- Born: Anjukandy Thalakkal Ummer 10 March 1933 Anjukandy, Kannur, Malabar district, Madras presidency, British India
- Died: 18 October 2001 (aged 68) Chennai, Tamil Nadu, India
- Occupation: music director
- Years active: 1967-2001

= A. T. Ummer =

Indian Malayalam music composer

Anjukandy Thalakkal Ummer (10 March 1933 – 18 October 2001) was a Malayalam music composer from Kerala, India. He is known for composing many soft melodies for 174 Malayalam movies.

Born in Anjukandy in Kannur district on 10 March 1933, as the son of A. T. Moideen Kunhi and Sainaba, Ummer made his debut in the 1967 film Thalirukkal.

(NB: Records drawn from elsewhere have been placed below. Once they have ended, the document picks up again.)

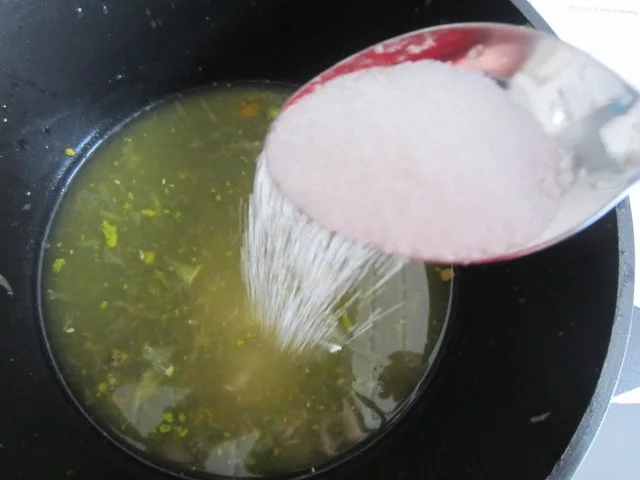 Kürbis-Orangen-Limetten-Eis - Rezept - Bild Nr. 4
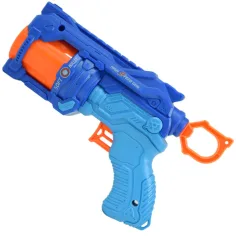 Soft Bullet: Reflex 4 manuelle Revolver-Schaumwaffe mit Zielscheibe 22cm Bild 2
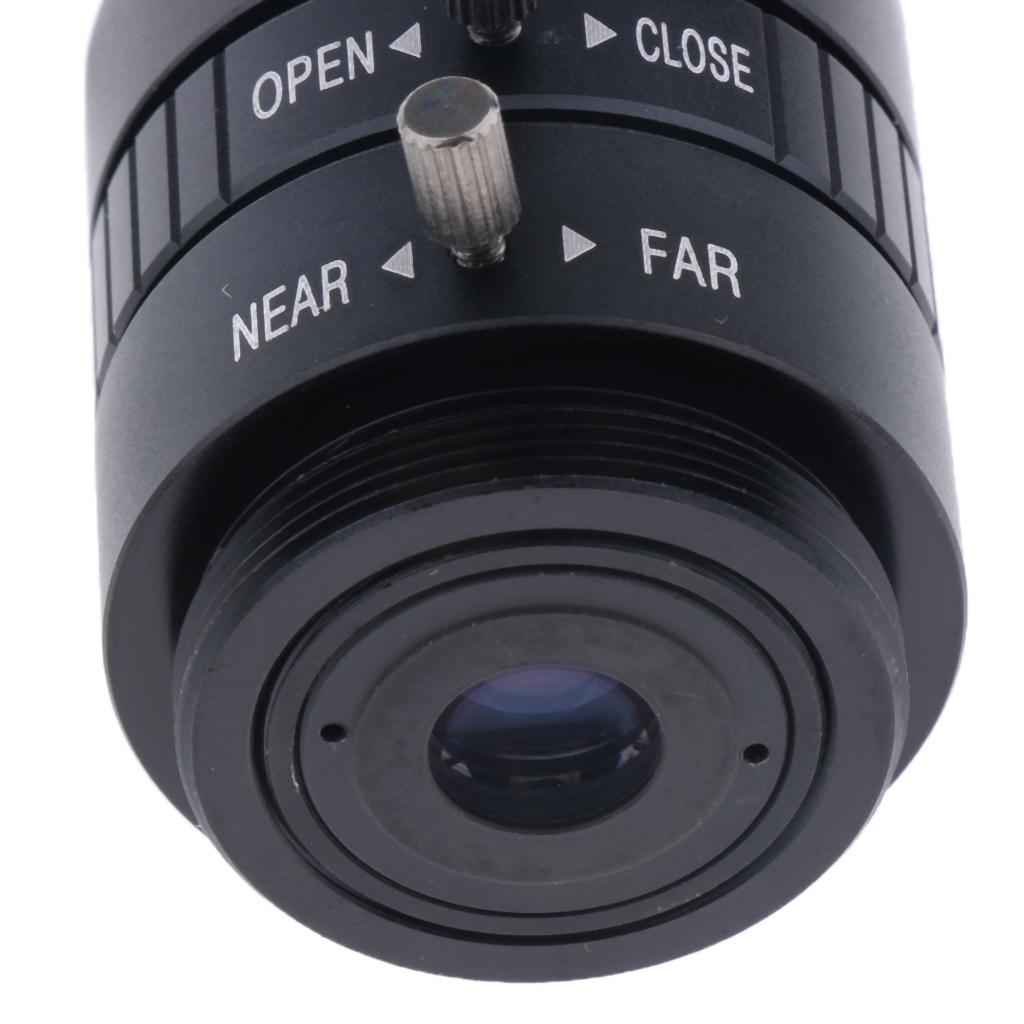6mm HD 3MP F1.2 Fixed Focus CS Mount Lens for 1/2" CCD CCTV Security Camera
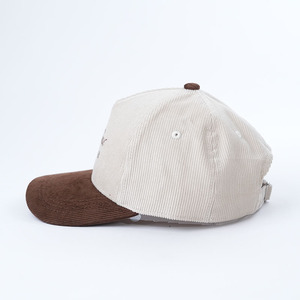 Thiết Kế Mới Có Thể Điều Chỉnh Cổ Điển Có Cấu Trúc Tùy Chỉnh Thêu Logo Với Chất Lượng Cao Hai Tone Nhung 5 Bảng Điều Chỉnh Mũ Bóng Chày - Product Image 4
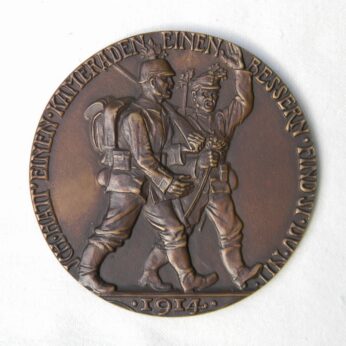 Germany Karl Goetz 1914 bronze WW1 alliance medal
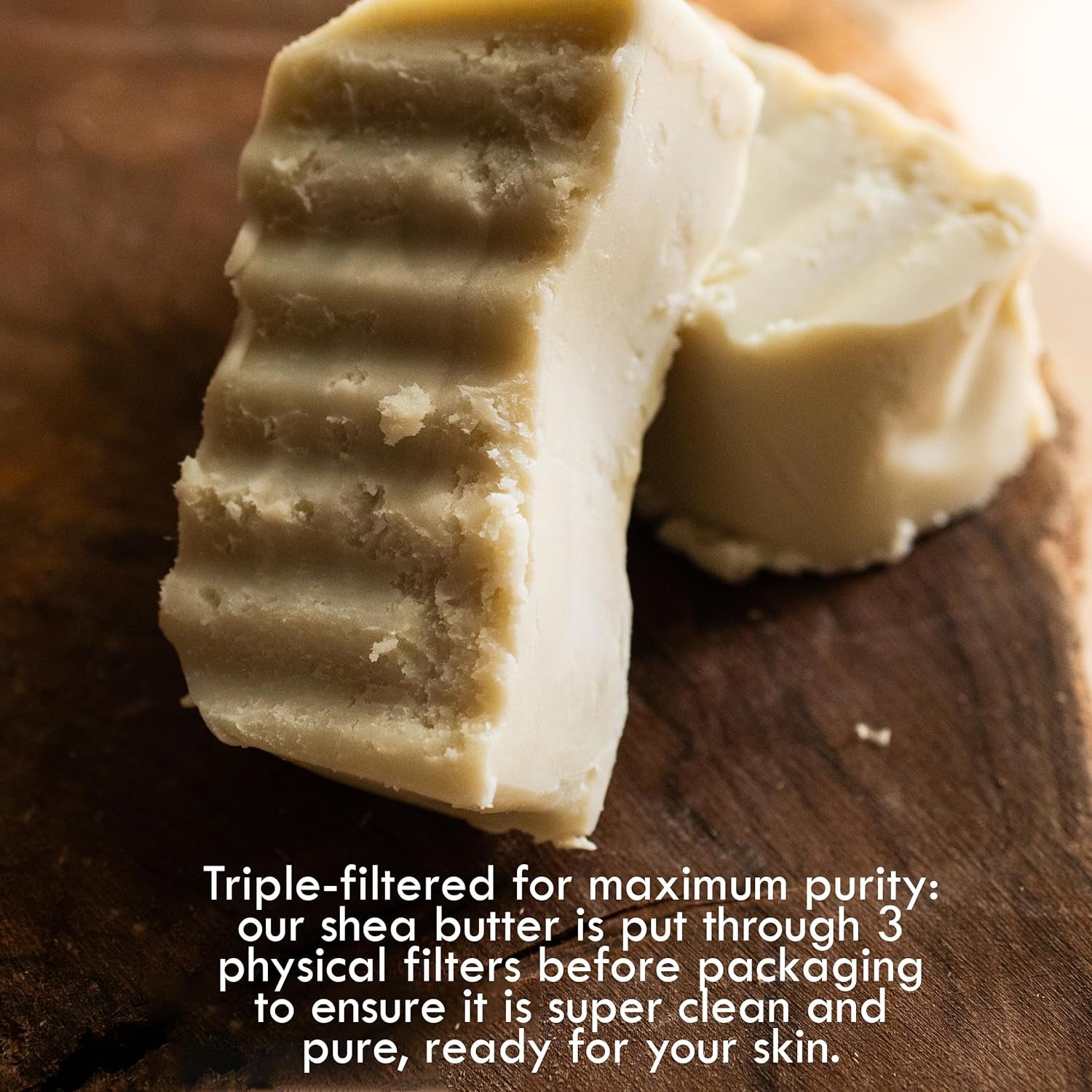 100% Pure African Raw Shea Butter - Unrefined Moisturizer for Hair & Body, Perfect for Dry Skin, DIY Lip Balm, Body Butter, Lotion & Soap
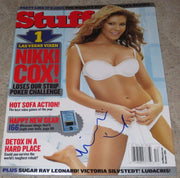 Nikki Cox Authentic Autographed Stuff Magazine - Prime Time Signatures - TV & Film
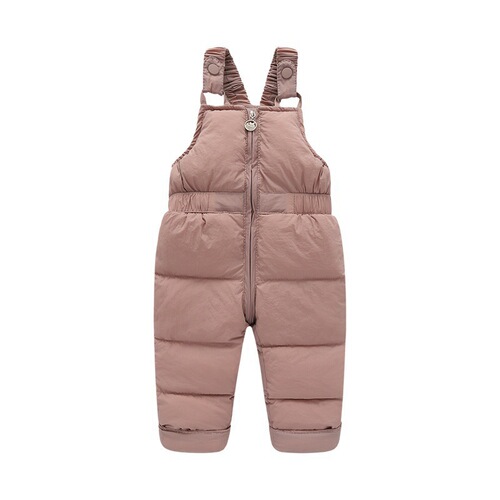 2025 Korean children's down and cotton overalls with suspenders, autumn and winter outerwear, one-piece baby clothes, wholesale children's wear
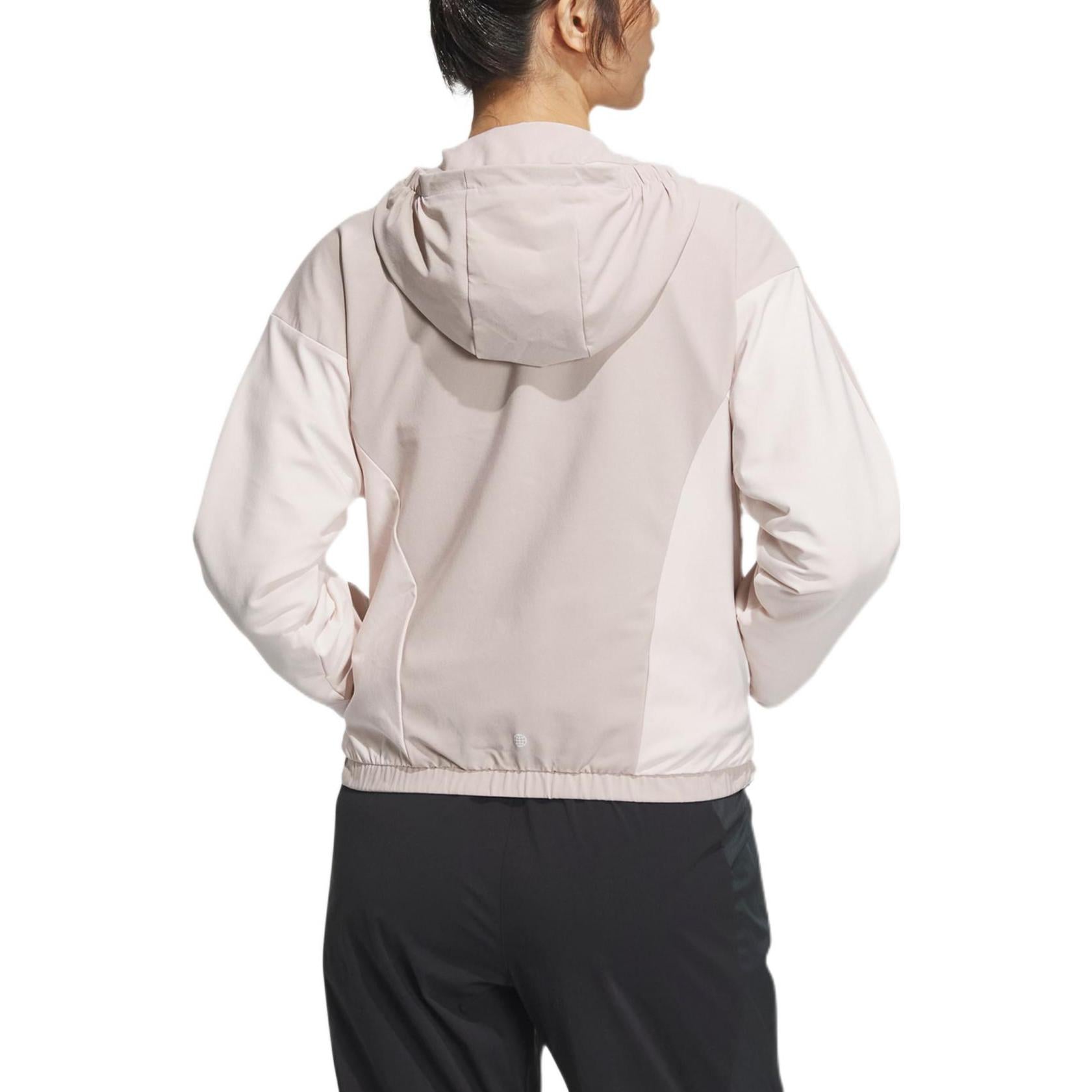 (WMNS) adidas Must Haves Woven Jackets 'Beige' HY2881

In 1969 he composed songs for the film Almaram, directed by A. Vincent. Two years later, Ummer composed music for Vincent's musical film Abhijathyam.

In the 1970s, Ummer teamed up with lyricist Bichu Thirumala, producing numerous evergreen songs. He also made tunes for lyrics by P. Bhaskaran and O. N. V. Kurup, along with others. Most of his songs were sung by K. J. Yesudas and S. Janaki.

In 1976, he won the Kerala State Film Award for the best music director for the I. V. Sasi directed film Aalinganam. The melancholic song "Thushaara bindhukkale" from the same movie earned S. Janaki the Kerala State Film Award for the best female singer.
His song 'Neela jalashayathil' from the movie Angekaram earned the State Award for Yesudas in 1977.
He composed many popular songs including 'Oru mayil peeliyay njan','Marivill panthalitta', 'Devi nin chiriyil', 'Vakappoo maram choodum', 'Chemapakappoonkavanathile', 'Ninnepunaran neettiya kaikalil', 'Vrishchika rathri than', 'Pottikkaranjukondomane', 'Thushara bindukkale', 'Unni aarariro' and 'Oru nimisham tharoo'. However, many of his hits songs were composed by copying tunes of songs from other languages, mostly Hindi.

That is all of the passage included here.